▶ [ENTRIES SUPPLIED]:

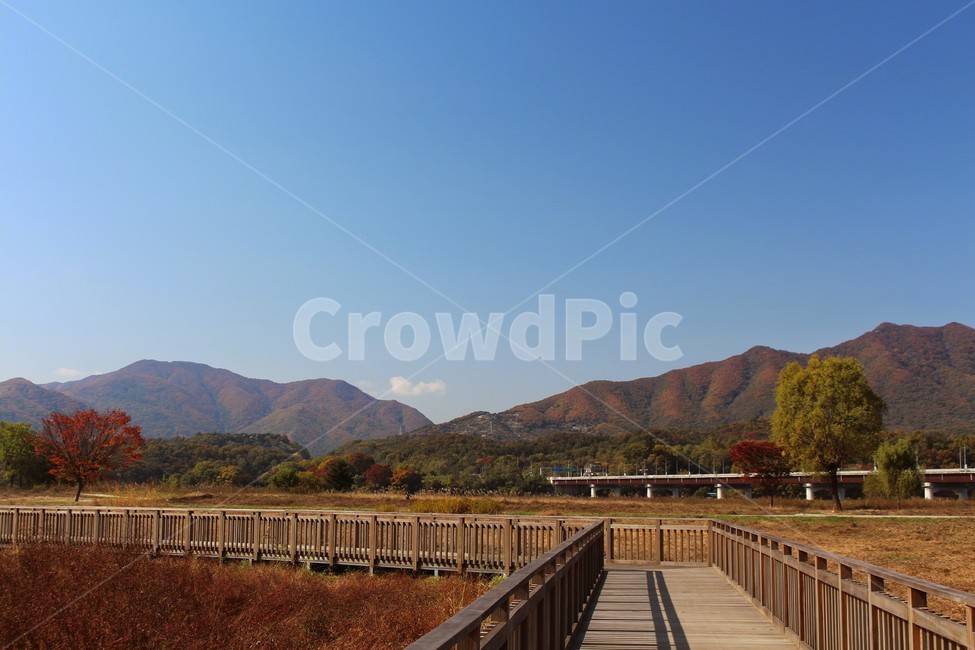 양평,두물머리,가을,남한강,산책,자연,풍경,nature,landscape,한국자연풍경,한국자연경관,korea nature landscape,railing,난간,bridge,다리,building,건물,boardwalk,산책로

...

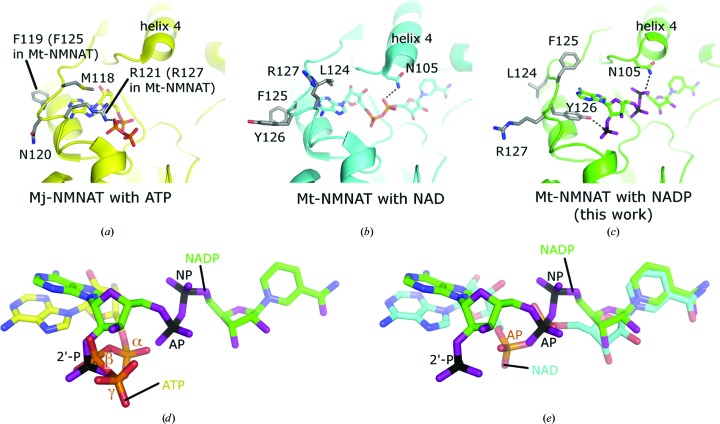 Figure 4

--

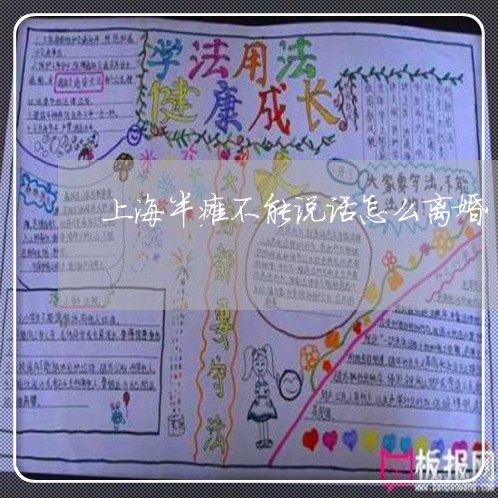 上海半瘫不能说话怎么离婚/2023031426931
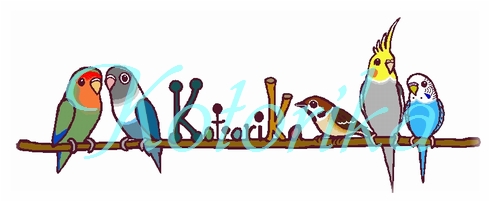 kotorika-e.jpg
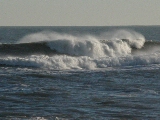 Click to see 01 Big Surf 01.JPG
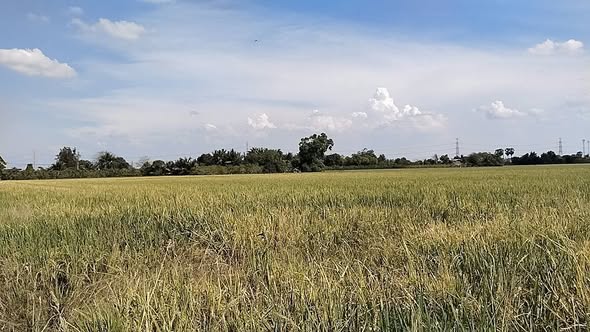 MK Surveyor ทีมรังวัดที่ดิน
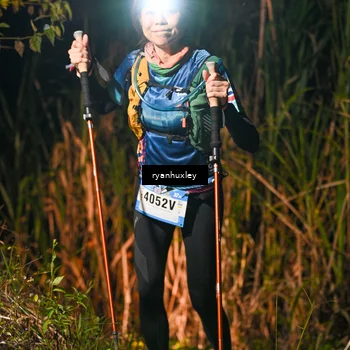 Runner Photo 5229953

▶ [ABOUT THIS EXERCISE]: From the records above, copy exactly the lines starting at the one with "上海半瘫不能说话怎么离婚/2023031426931" and ending at the one with "Runner Photo 5229953", and no others. Pictures stay out.

▶ [EXERCISE RESULT]:
 上海半瘫不能说话怎么离婚/2023031426931
 kotorika-e.jpg
 Click to see 01 Big Surf 01.JPG
 MK Surveyor ทีมรังวัดที่ดิน
 Runner Photo 5229953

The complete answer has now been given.